Wer gesehen hat, wie sich van Buyten austanzen und Butt von den Gladbachern übertölpeln ließ, sieht, dass bei den Bayern der Wurm drin ist. Die vollmundig ausgelobte Siegesserie ist gestoppt, man geht sich gegenseitig auf die Nerven, Dortmund enteilt, Frankfurt und Leverkusen eilen mit, und selbst Mainz hat ist immer noch Zweiter, hat nach den ersten drei Niederlagen immer noch acht Punkte Vorsprung auf die Bayern.

Kann natürlich auch sein, dass sich die Mannen um Schweinsteiger irgendwie zu einem Sieg durchwurtschteln, dass sich der Club zu viel Druck macht, aber diesmal sind die Chancen für eine Überraschung so gut wie seit dem 3-0 nach Hitzfelds Neueinstieg 2007 in Nürnberg nicht mehr.
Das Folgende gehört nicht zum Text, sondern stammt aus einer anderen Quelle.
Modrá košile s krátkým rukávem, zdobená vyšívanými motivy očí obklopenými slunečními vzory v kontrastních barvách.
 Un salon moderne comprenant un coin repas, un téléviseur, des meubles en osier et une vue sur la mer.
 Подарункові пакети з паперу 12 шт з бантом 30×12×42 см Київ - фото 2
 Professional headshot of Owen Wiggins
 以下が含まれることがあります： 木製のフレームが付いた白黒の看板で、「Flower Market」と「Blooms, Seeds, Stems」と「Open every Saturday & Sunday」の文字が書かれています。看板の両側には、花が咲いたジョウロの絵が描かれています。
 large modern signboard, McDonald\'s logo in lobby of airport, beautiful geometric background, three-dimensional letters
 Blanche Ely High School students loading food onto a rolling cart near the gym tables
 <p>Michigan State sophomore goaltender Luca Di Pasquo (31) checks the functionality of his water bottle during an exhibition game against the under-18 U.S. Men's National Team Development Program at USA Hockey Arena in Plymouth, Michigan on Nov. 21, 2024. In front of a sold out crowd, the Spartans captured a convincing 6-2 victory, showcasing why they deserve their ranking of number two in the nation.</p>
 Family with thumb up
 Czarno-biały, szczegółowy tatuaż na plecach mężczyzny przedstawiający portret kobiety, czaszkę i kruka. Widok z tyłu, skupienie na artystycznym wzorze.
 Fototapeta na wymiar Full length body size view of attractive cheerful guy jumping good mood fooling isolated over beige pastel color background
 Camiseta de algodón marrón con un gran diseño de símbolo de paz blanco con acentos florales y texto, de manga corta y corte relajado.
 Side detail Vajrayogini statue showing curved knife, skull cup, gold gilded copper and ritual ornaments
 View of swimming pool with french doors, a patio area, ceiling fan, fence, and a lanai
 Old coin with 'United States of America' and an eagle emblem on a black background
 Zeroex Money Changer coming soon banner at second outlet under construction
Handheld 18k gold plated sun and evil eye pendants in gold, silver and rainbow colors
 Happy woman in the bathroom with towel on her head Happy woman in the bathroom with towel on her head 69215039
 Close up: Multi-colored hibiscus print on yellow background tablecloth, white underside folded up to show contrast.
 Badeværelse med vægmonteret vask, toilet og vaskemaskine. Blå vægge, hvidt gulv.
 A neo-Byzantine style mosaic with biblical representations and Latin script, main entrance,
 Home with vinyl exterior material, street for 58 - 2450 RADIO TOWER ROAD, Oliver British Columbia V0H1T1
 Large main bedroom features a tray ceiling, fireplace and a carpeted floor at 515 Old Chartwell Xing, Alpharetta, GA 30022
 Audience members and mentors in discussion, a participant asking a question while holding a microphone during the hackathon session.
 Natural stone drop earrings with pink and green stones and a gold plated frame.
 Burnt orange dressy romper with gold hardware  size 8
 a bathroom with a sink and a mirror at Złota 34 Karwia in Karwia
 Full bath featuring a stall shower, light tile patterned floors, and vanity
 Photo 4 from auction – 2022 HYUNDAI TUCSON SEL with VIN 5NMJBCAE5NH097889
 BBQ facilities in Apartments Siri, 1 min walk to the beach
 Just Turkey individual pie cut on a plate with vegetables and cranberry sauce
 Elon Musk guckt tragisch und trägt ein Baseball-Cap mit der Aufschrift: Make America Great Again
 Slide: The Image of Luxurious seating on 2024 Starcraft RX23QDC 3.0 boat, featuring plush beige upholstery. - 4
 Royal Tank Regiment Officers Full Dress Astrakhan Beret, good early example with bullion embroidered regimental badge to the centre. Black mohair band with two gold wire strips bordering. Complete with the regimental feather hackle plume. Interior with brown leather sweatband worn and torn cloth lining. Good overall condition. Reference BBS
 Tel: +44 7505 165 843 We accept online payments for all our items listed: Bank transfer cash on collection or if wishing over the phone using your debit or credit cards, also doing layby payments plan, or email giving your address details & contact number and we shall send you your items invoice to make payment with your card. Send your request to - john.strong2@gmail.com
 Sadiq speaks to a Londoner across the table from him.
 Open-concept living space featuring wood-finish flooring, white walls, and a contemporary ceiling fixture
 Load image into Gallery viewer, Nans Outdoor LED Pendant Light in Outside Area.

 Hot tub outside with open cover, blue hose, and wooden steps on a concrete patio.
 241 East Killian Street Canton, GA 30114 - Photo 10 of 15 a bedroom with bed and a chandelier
Den letzten Auswärtssieg bei den Bayern gab es 1992. Köpke hielt einen Elfmeter von Effenberg, Zarate und Wück machten die Tore zum 3-1  nach 0-1 Rückstand nach fünf Minuten durch einen Spieler namens Mazinho, eine Art Gomez der frühen Neunziger, und wir skandierten völlig euphorisiert im märzlichen Schneetreiben des Olympiastadions schmutzige Lieder. Zum Beispiel auf die Melodie von Flipper: „Wir singen Bayern, Bayern, Bayern, Zweite Liga, oh ist das schön, euch nie mehr zu sehen…“  Auf ein Neues.

Das war schon viel besser als gegen Barcelona

Aber Inter war in allen wesentlichen Belangen überlegen. Die Szene vor dem 2-0 war so ähnlich wie die in der 8. Minute des Pokalendspiels. Pizarro tanzte van Buyten aus, aber Butt konnte diesen Schuß noch parieren. Milito war dieses Extraquäntchen besser, dass du dann auch noch brauchst, um den Ball rein zu machen.

Oder Robbens einziger sehenswerter Torschuss, beinahe ein Duplikat seines 3-1 in Bremen, aber Julio Cesar war dieses Extraquäntchen besser als Wiese und verhinderte das Tor.

Oder der andere Innenverteidiger Demichelis, der sich vor dem 1-0 düpieren ließ. Die Tore waren keine Zufallsprodukte, Inter war immer im Spiel und nehmen wir an, Müller hätte sein Ding nach der Pause gemacht, es hätte auch 4-1 ausgehen können.

Klar, Ribery war nicht dabei, aber ob der sich nicht genauso fest gefressen hätte in dieser Abwehr wie Robben und Olic. Ich denke schon. Es ist ein schmaler Grat zwischen Robbens diversen You-Tube-Toren in den KO-Runden und dem eigensinnigen Dribbler Robben gestern, der den Moment fürs Abspiel regelmäßig verpaßte.

1999 gegen Manchester United standen Kahn, Matthäus, Jeremies, Effenberg, Zickler und Jancker in der Startelf, insgesamt ein selten ausgesuchter Kreis von überschätzen, überspielten und einfallslosen Sportlemuren. Für die Bayern 2010 musste man sich seit dem Spiel in Turin jedenfalls nicht mehr fremd schämen.